(Instructions to follow)
Copy out all of the lines below exactly; the pictures do not belong in the copy.
□ □ □ □ □ □ □
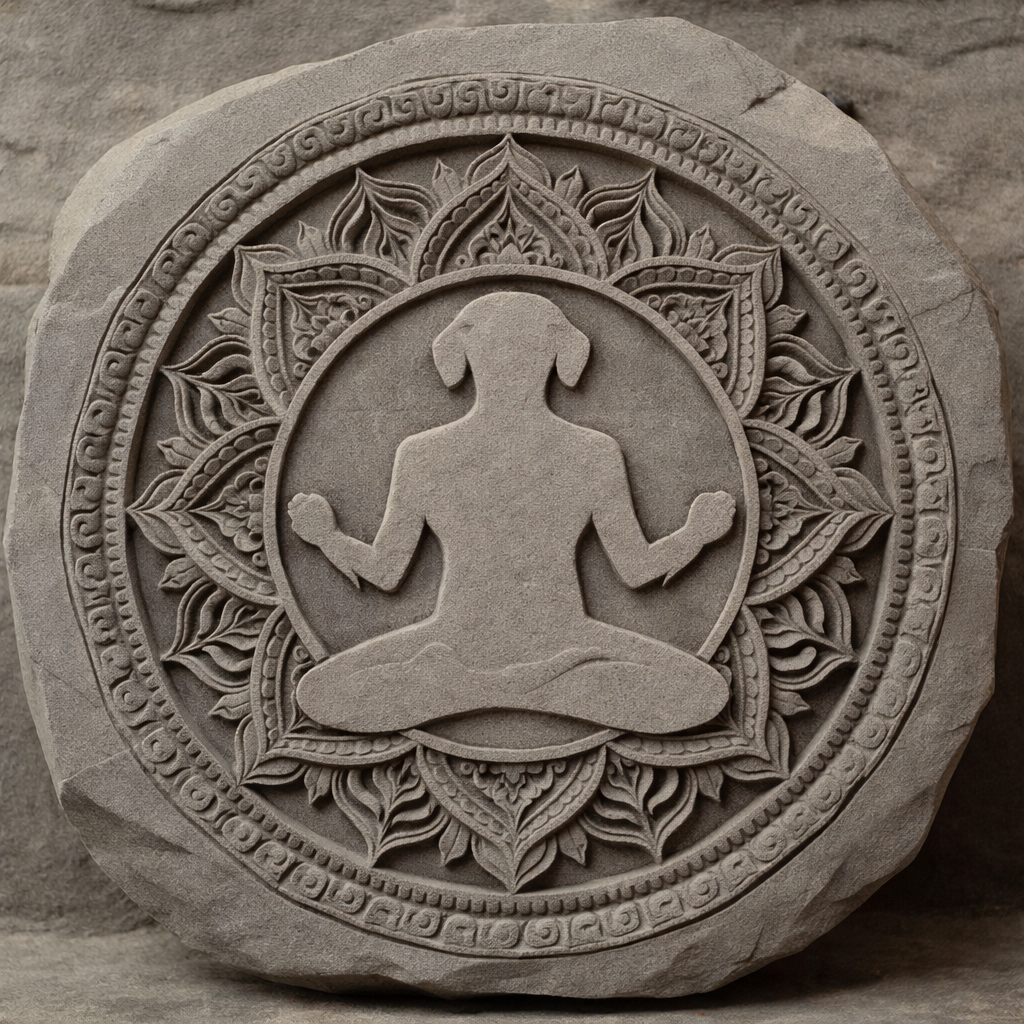 A ancient carved stone medallion featuring the meditating Dogma Lama figure surrounded by intricate floral and geometric patterns.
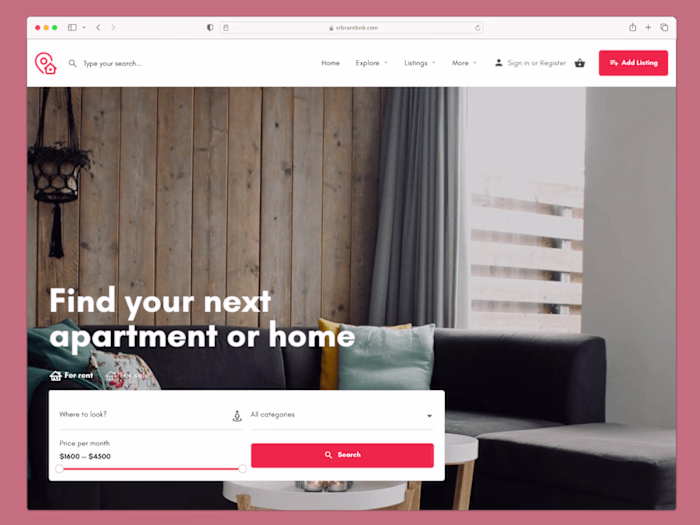 VibrantBnB - Property Website Design & Development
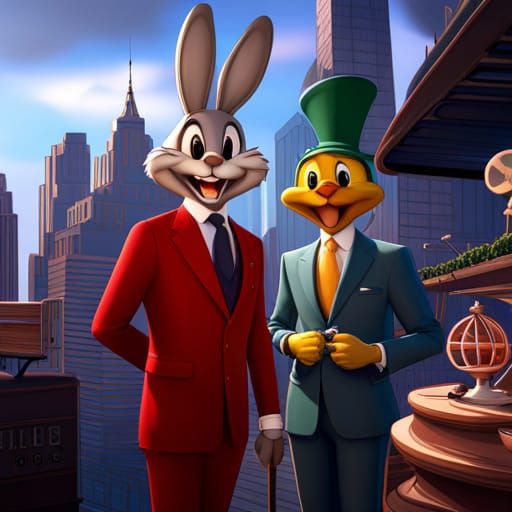 Bugs Bunny and Tweety Bird in Suits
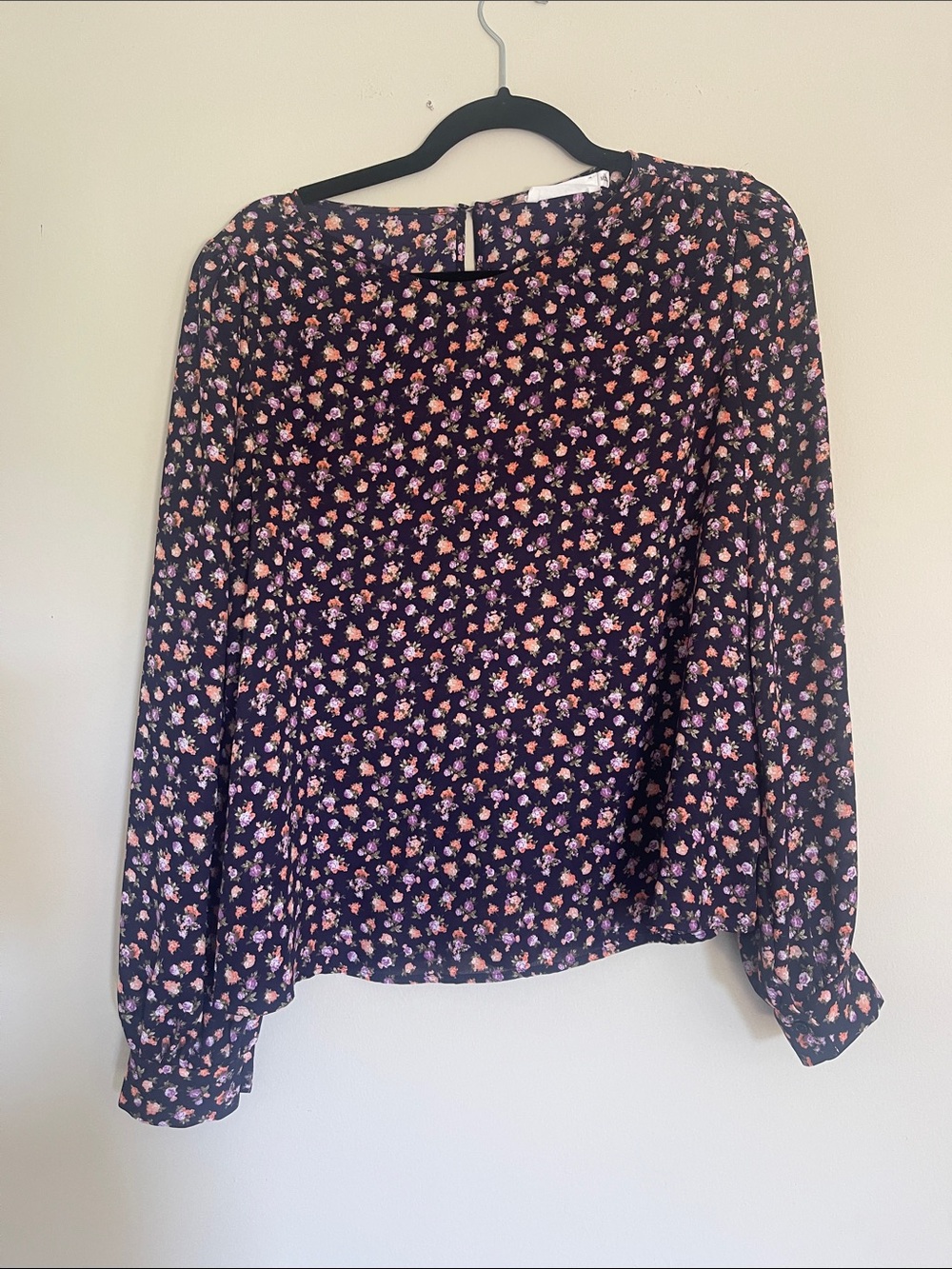 All in Favor Black Floral Long-Sleeve Blouse with Pink and Peach Flowers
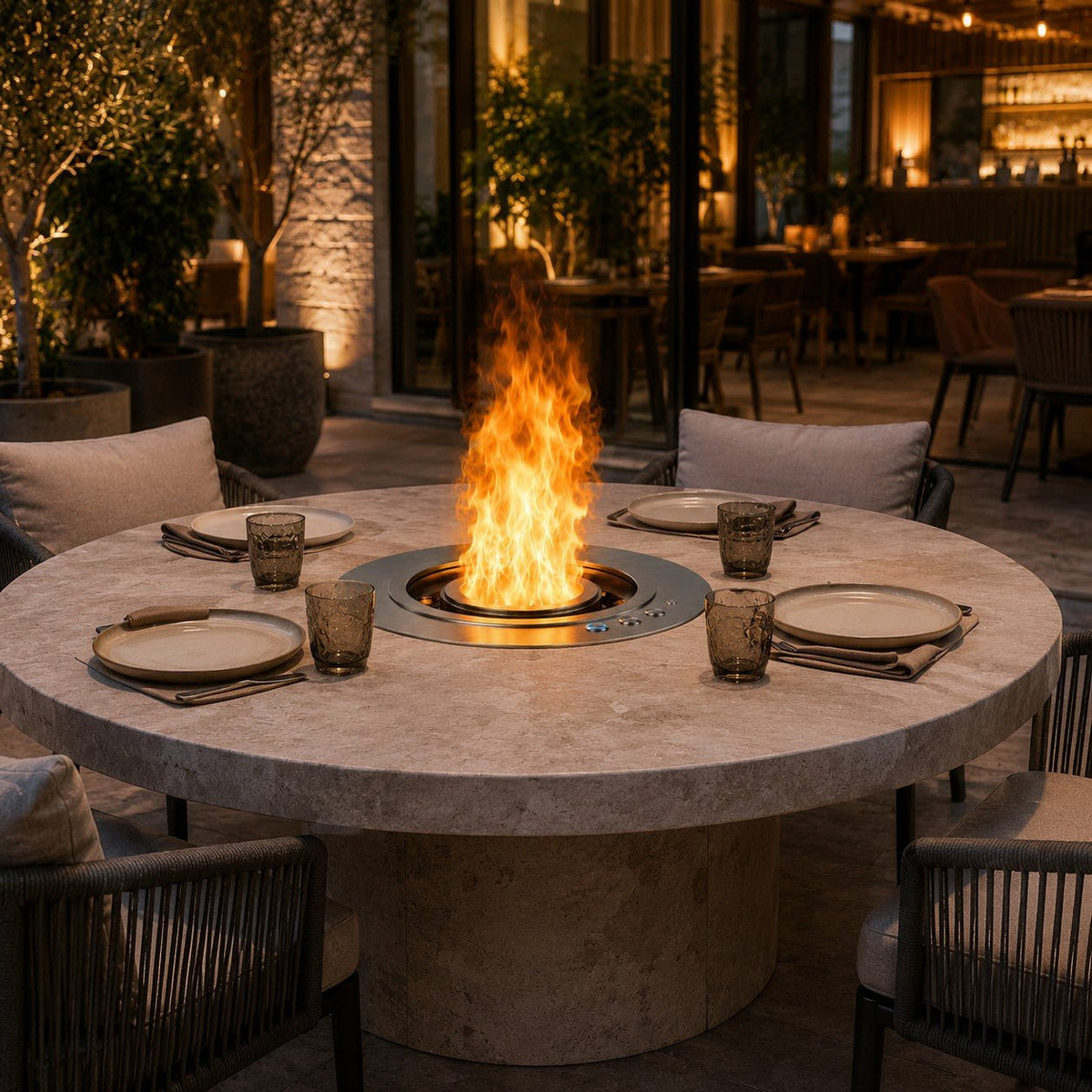 Camino a vapore acqueo 3D Divina Fire ROUND3D350 tondo da incasso per interno ed esterno - Outdoor Privé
□ □ □ □ □ □ □
(Your solution)
 A ancient carved stone medallion featuring the meditating Dogma Lama figure surrounded by intricate floral and geometric patterns.
 VibrantBnB - Property Website Design & Development
 Bugs Bunny and Tweety Bird in Suits
 All in Favor Black Floral Long-Sleeve Blouse with Pink and Peach Flowers
 Camino a vapore acqueo 3D Divina Fire ROUND3D350 tondo da incasso per interno ed esterno - Outdoor Privé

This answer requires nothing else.